About this exercise ::
At the line with "пассажирское судно, плавающее", start transcribing; stop after the last line of the data below. Keep it exact and leave pictures out.

Data below ::

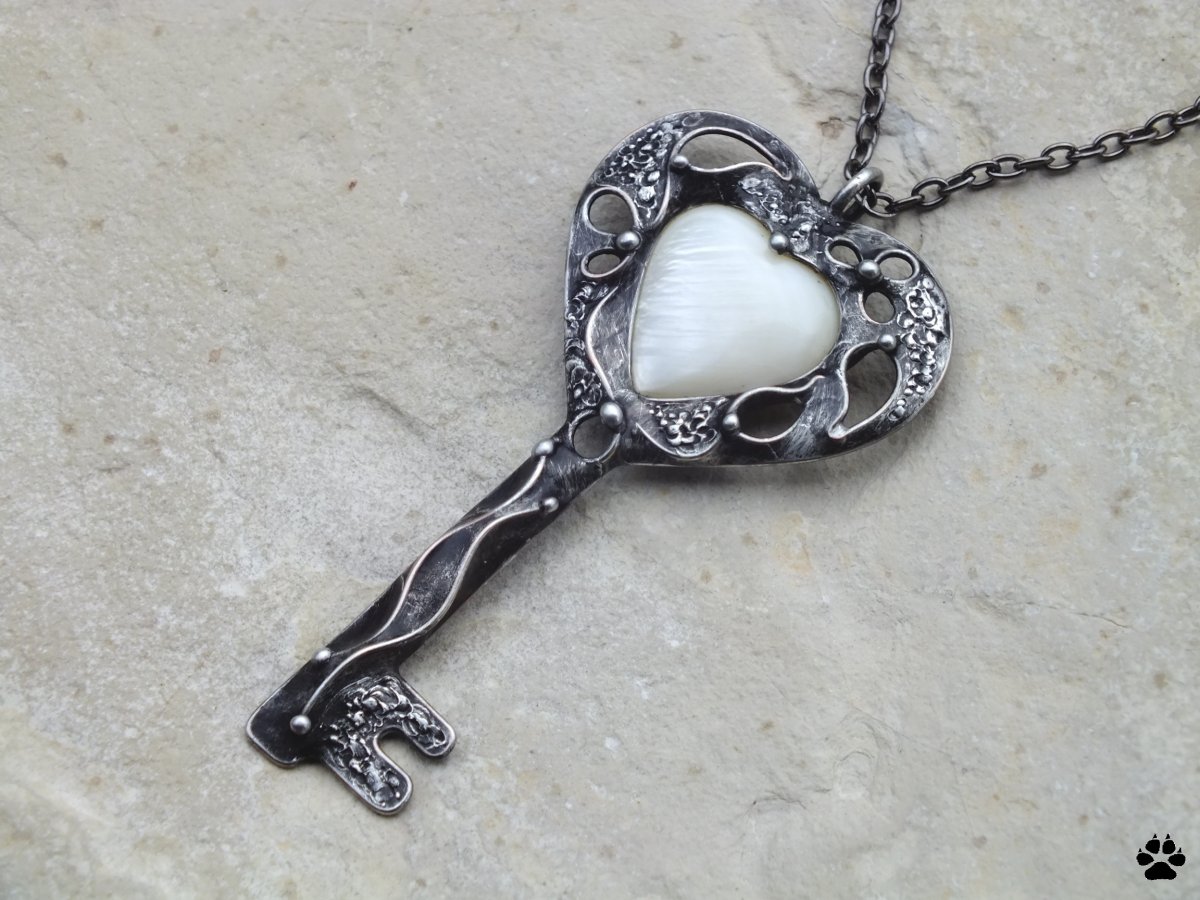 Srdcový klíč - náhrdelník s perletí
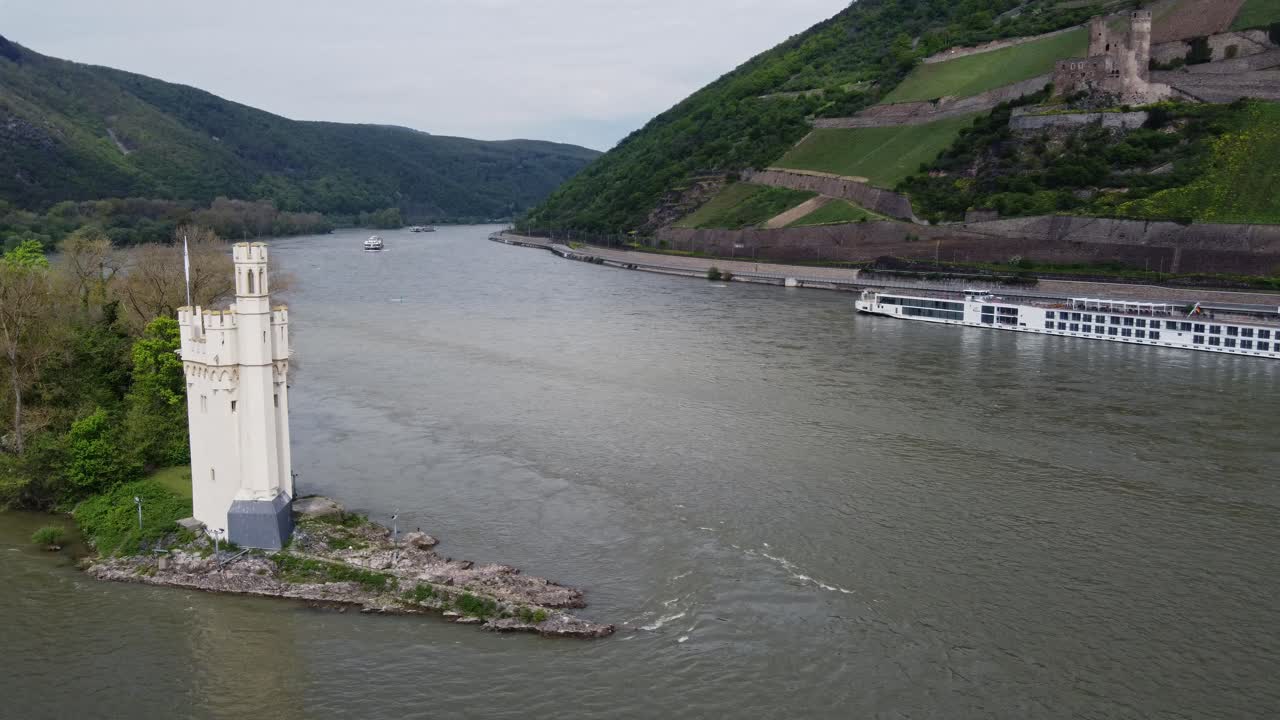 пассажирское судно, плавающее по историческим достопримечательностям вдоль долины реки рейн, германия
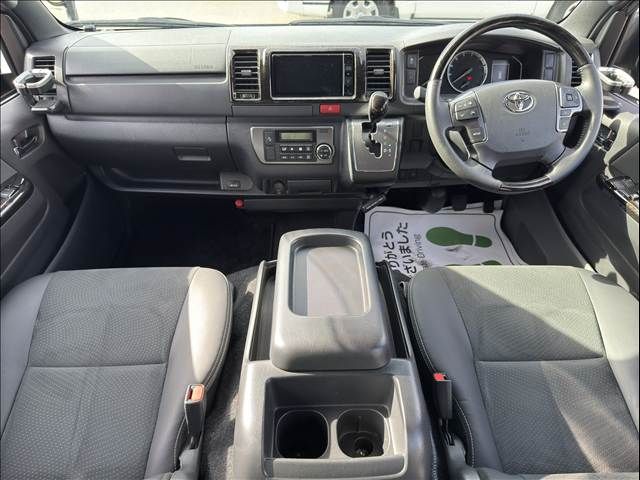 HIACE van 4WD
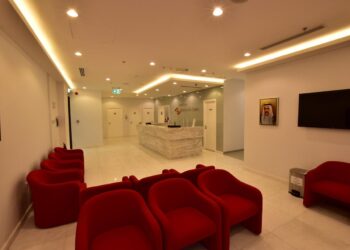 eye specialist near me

Exercise result ::
 пассажирское судно, плавающее по историческим достопримечательностям вдоль долины реки рейн, германия
 HIACE van 4WD
 eye specialist near me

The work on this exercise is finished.